> **THE TASK**: Exactly the lines from the one holding "Rucsac Trunki PaddlePak Lobster - 3" to the end of the listing, both ends included, make up the expected answer.

> **INFORMATION PROVIDED**:
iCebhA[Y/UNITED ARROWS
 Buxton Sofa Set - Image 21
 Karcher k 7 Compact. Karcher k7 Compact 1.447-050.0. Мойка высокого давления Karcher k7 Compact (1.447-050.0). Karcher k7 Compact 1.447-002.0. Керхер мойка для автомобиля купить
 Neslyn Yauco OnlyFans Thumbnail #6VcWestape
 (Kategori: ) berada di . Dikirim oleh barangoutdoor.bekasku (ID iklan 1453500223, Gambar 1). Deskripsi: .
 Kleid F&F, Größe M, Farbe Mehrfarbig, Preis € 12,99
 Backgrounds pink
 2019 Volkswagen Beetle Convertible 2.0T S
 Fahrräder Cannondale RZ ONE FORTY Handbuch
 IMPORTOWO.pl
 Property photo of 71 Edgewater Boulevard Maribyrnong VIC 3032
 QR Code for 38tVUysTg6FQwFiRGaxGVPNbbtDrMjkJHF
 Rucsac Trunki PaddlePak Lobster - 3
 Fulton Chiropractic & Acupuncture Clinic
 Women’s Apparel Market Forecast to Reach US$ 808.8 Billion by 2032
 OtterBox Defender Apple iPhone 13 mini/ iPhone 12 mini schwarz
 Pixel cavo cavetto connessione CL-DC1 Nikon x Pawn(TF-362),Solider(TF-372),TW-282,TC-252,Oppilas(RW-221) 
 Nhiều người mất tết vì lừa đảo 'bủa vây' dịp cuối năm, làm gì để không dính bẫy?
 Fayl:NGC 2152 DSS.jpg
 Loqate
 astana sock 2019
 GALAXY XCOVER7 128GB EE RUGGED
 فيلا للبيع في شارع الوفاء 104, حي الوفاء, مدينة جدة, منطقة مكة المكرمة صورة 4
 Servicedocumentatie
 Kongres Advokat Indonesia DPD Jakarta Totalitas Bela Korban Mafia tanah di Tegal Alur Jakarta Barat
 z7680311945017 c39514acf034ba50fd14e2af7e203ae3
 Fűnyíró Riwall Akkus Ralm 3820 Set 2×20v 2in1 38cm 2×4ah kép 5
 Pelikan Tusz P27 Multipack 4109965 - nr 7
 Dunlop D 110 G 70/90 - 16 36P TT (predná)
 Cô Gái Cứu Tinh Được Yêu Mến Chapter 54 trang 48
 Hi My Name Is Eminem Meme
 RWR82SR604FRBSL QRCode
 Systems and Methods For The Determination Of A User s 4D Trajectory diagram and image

> **SOLUTION FOR THIS PROBLEM**:
 Rucsac Trunki PaddlePak Lobster - 3
 Fulton Chiropractic & Acupuncture Clinic
 Women’s Apparel Market Forecast to Reach US$ 808.8 Billion by 2032
 OtterBox Defender Apple iPhone 13 mini/ iPhone 12 mini schwarz
 Pixel cavo cavetto connessione CL-DC1 Nikon x Pawn(TF-362),Solider(TF-372),TW-282,TC-252,Oppilas(RW-221) 
 Nhiều người mất tết vì lừa đảo 'bủa vây' dịp cuối năm, làm gì để không dính bẫy?
 Fayl:NGC 2152 DSS.jpg
 Loqate
 astana sock 2019
 GALAXY XCOVER7 128GB EE RUGGED
 فيلا للبيع في شارع الوفاء 104, حي الوفاء, مدينة جدة, منطقة مكة المكرمة صورة 4
 Servicedocumentatie
 Kongres Advokat Indonesia DPD Jakarta Totalitas Bela Korban Mafia tanah di Tegal Alur Jakarta Barat
 z7680311945017 c39514acf034ba50fd14e2af7e203ae3
 Fűnyíró Riwall Akkus Ralm 3820 Set 2×20v 2in1 38cm 2×4ah kép 5
 Pelikan Tusz P27 Multipack 4109965 - nr 7
 Dunlop D 110 G 70/90 - 16 36P TT (predná)
 Cô Gái Cứu Tinh Được Yêu Mến Chapter 54 trang 48
 Hi My Name Is Eminem Meme
 RWR82SR604FRBSL QRCode
 Systems and Methods For The Determination Of A User s 4D Trajectory diagram and image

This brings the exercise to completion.